I did try changing min_parallel_index_scan_size /
min_parallel_table_scan_size and didn't see any change (the below is with
force_parallel_mode = off):

postgres=# set min_parallel_index_scan_size = 0;
SET
postgres=# set min_parallel_table_scan_size = 0;
SET
postgres=# explain select * from testing where id =
ANY(array[1608377,5449811, ... <removed for brevity> ...
,4654284,3558460]::integer[]);
QUERY PLAN
--------------------------------------------------------------------------------------------------------------------
Index Scan using testing_pkey on testing (cost=0.43..6138.81 rows=1000
width=74)
Index Cond: (id = ANY ('{1608377,5449811, ... < removed for brevity >
... 4654284,3558460}'::integer[]))
(2 rows)

As for 'force_parallel_mode', while this isn't "debugging PG", it isn't
something that I would actually turn on production, just something I was
playing with to see the cost of parallel queries when the planner might not
think they are the most efficient.

Thomas,

Thanks for the explanation. Yes, that is the query plan I was imagining. I
do see how chopping it up could result in an unfair distribution. But my
counter to that would be that wouldn't chopping it up still be better than
not. If things do happen to work out to be fair, now it's X times as fast,
if things are very unfair, then you haven't really lost much (besides the
parallel overhead) compared to the non-parallel query. Or maybe it should
be possible to do the parallel query if there were some statistics (either
normal ones or extended ones) that told the planner that the result would
probably be fair?

Though I do agree that the "work stealing" option would be the most
efficient, but would be a lot more complicated to code up.
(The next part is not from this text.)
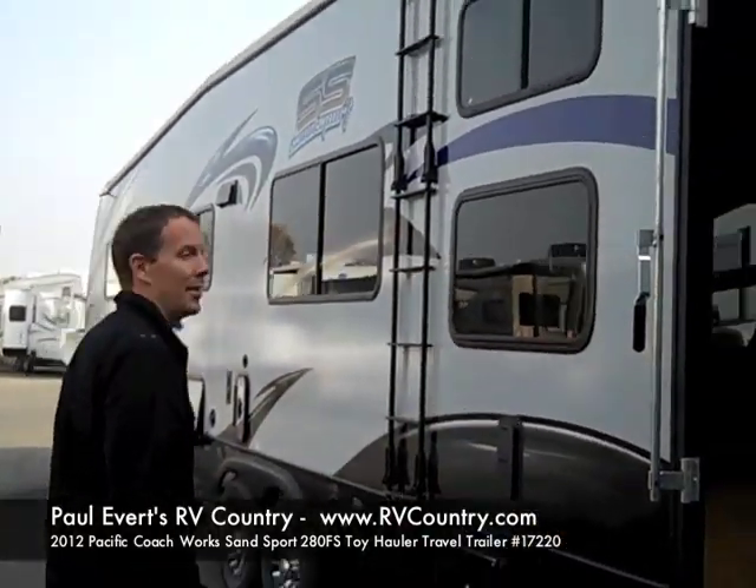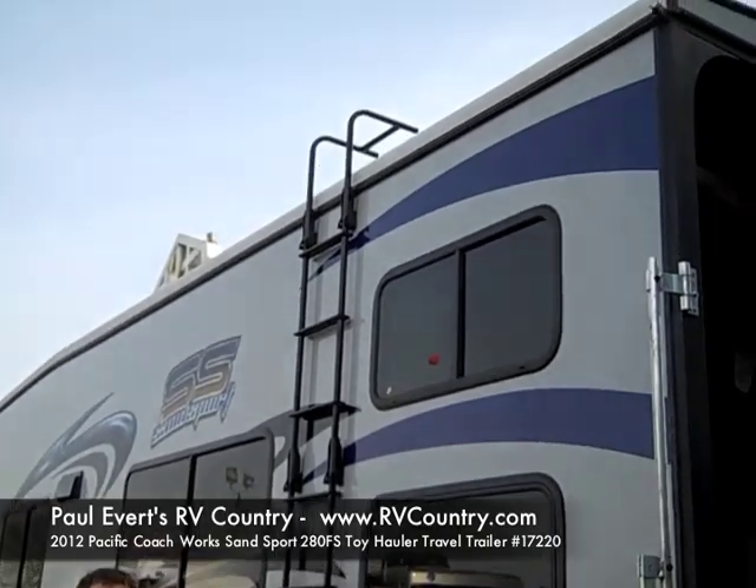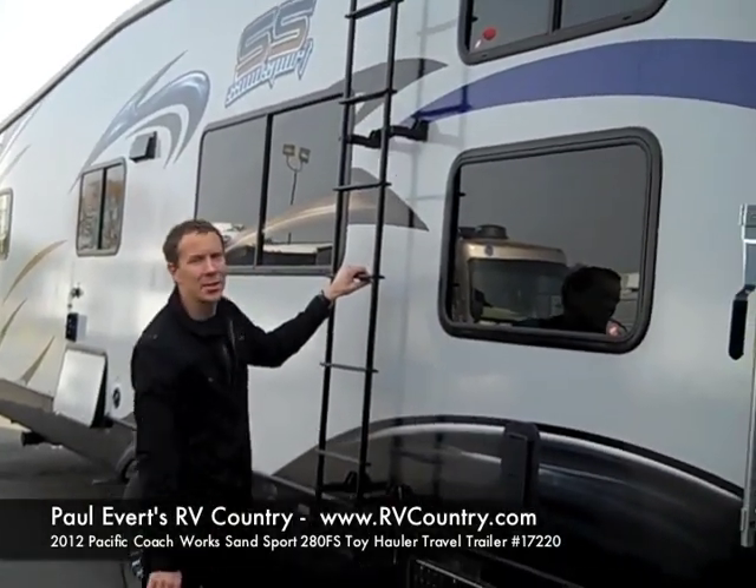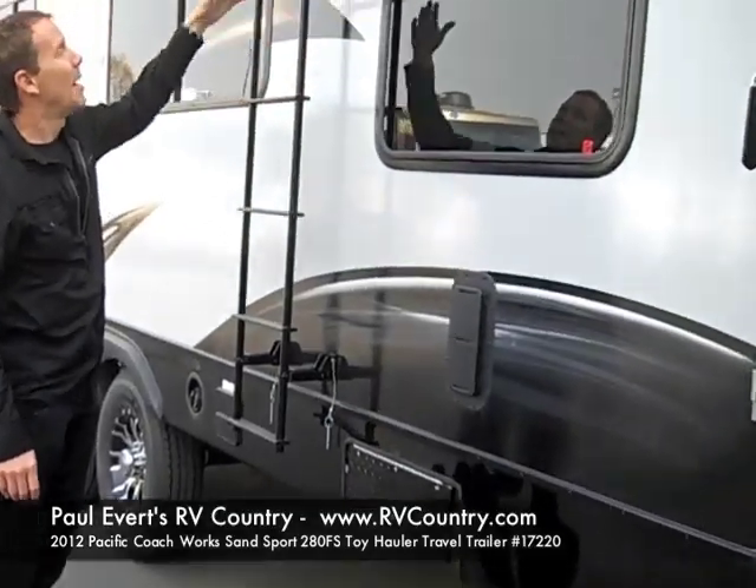Also on the exterior, it comes with a ladder — most of your toy haulers don't. It folds up against the side of it; you can extend it down to climb up on top of the roof.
I tried out inserting into a separate table, and as you guessed that
worked. For my production scenario that isn't really feasible, but still
cool to see it work.

postgres=# create table ids(
probe_id int PRIMARY KEY
);

insert into ids(probe_id) values (774494);
insert into ids(probe_id) values (9141914);
...

postgres=# select count(*) from ids;
count
-------
1000
(1 row)

postgres=# explain select * from testing where id in (select * from ids);
QUERY PLAN
-----------------------------------------------------------------------------------------
Gather (cost=0.43..3504.67 rows=1000 width=74)
Workers Planned: 2
-> Nested Loop (cost=0.43..3504.67 rows=417 width=74)
-> Parallel Seq Scan on ids (cost=0.00..9.17 rows=417 width=4)
-> Index Scan using testing_pkey on testing (cost=0.43..8.37
rows=1 width=74)
Index Cond: (id = ids.probe_id)
(6 rows)

Thanks,
Alex Kaiser

On Wed, Feb 1, 2023 at 1:52 PM Thomas Munro <thomas(dot)munro(at)gmail(dot)com> wrote:

> On Wed, Feb 1, 2023 at 6:39 PM Alex Kaiser <alextkaiser(at)gmail(dot)com> wrote:
> > select * from testing where id in (1608377,5449811, ... <1000 random
> ids> ,4654284,3558460);
> >
> > Essentially I have a list of 1000 ids and I would like the rows for all
> of those ids.
> >
> > This seems like it would be pretty easy to parallelize, if you have X
> threads then you would split the list of IDs into 1000/X sub lists and give
> one to each thread to go find the rows for ids in the given list. Even
> when I use the following configs I don't get a query plan that actually
> uses any parallelism:
>
> It sounds like the plan you are imagining is something like:
>
> Gather
> Nested Loop Join
> Outer side: <partial scan of your set of constant values>
> Inner side: Index scan of your big table
>
> Such a plan would only give the right answer if each process has a
> non-overlapping subset of the constant values to probe the index with,
> and together they have the whole set. Hypothetically, a planner could
> chop that set up beforehand and and give a different subset to each
> process (just as you could do that yourself using N connections and
> separate queries), but that might be unfair: one process might find
> lots of matches, and the others might find none, because of the
> distribution of data. So you'd ideally want some kind of "work
> stealing" scheme, where each worker can take more values to probe from
> whenever it needs more, so that they all keep working until the values
> run out. We don't have a thing that can do that. You might imagine
> that a CTE could do it, so WITH keys_to_look_up AS (VALUES (1), (2),
> ...) SELECT ... JOIN ON ..., but that also doesn't work because we
> don't have a way to do "partial" scans of CTEs either (though someone
> could invent that). Likewise for temporary tables: they are invisible
> to parallel workers, so they can't help us. I have contemplated
> "partial function scans" for set-returning functions, where a function
> could be given a bit of shared memory and various other infrastructure
> to be able to be "parallel aware" (= able to coordinate across
> processes so that each process gets a subset of the data), and one
> could imagine that that would allow various solutions to the problem,
> but that's vapourware.
>
> But you can get a plan like that if you insert all those values into a
> regular table, depending on various settings, stats and
> min_parallel_table_scan_size (try 0, I guess that'll definitely do
> it). Which probably isn't the answer you wanted to hear.